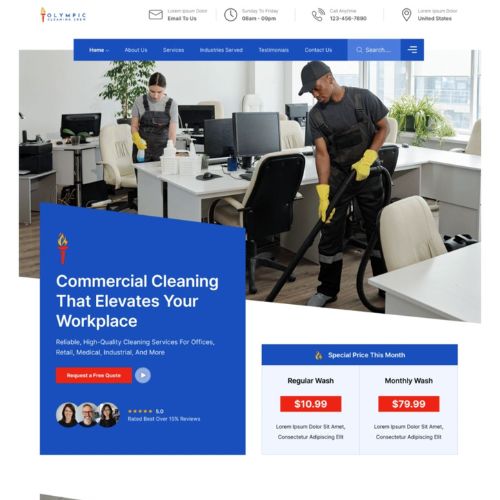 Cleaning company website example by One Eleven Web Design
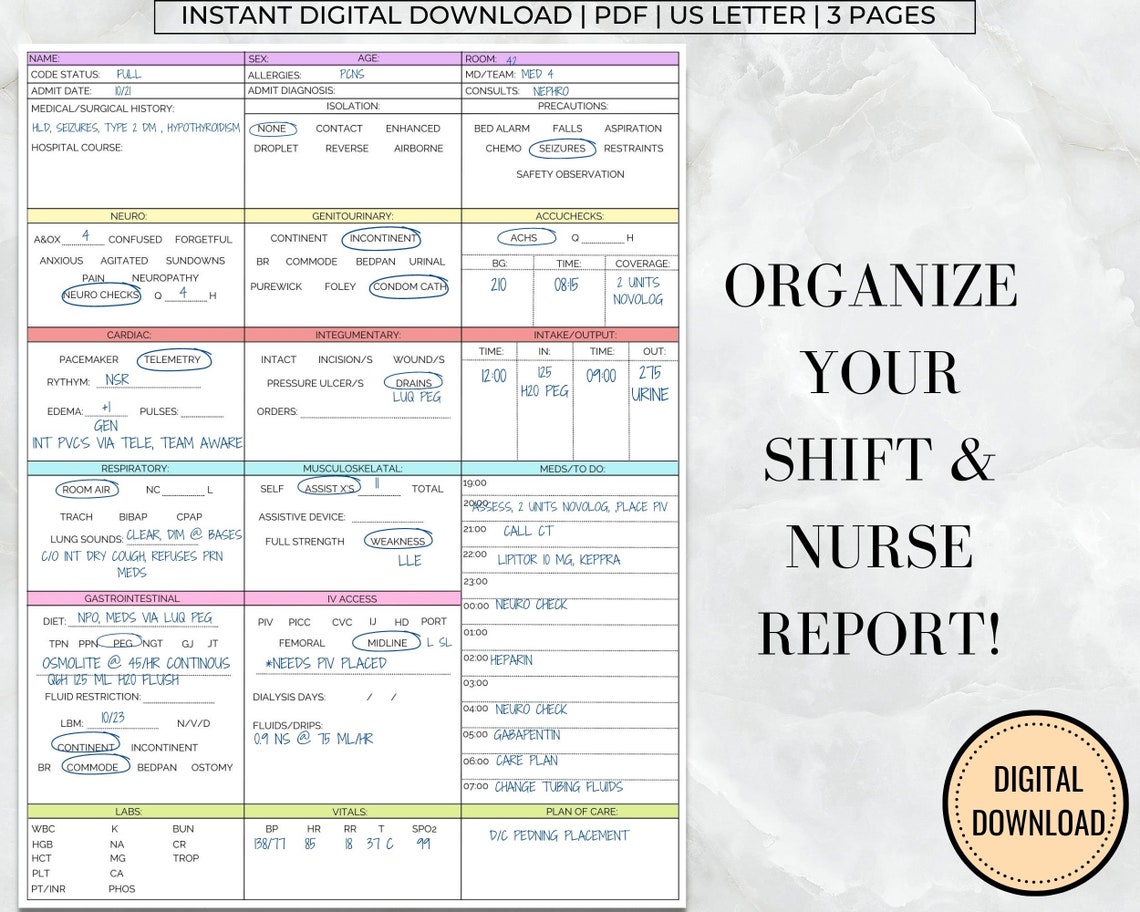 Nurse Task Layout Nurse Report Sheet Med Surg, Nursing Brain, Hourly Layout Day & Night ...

* * *

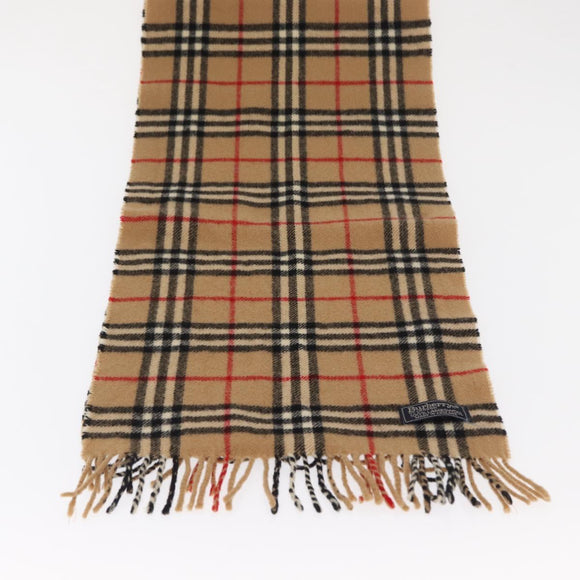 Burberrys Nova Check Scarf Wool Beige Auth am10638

- [PROBLEM STATEMENT]
The copy should hold only the lines from the one with "Cleaning company website" through the one with "Nurse Task Layout", exactly as they stand above. Leave out the pictures.

- [THE COMPLETED TASK]
 Cleaning company website example by One Eleven Web Design
 Nurse Task Layout Nurse Report Sheet Med Surg, Nursing Brain, Hourly Layout Day & Night ...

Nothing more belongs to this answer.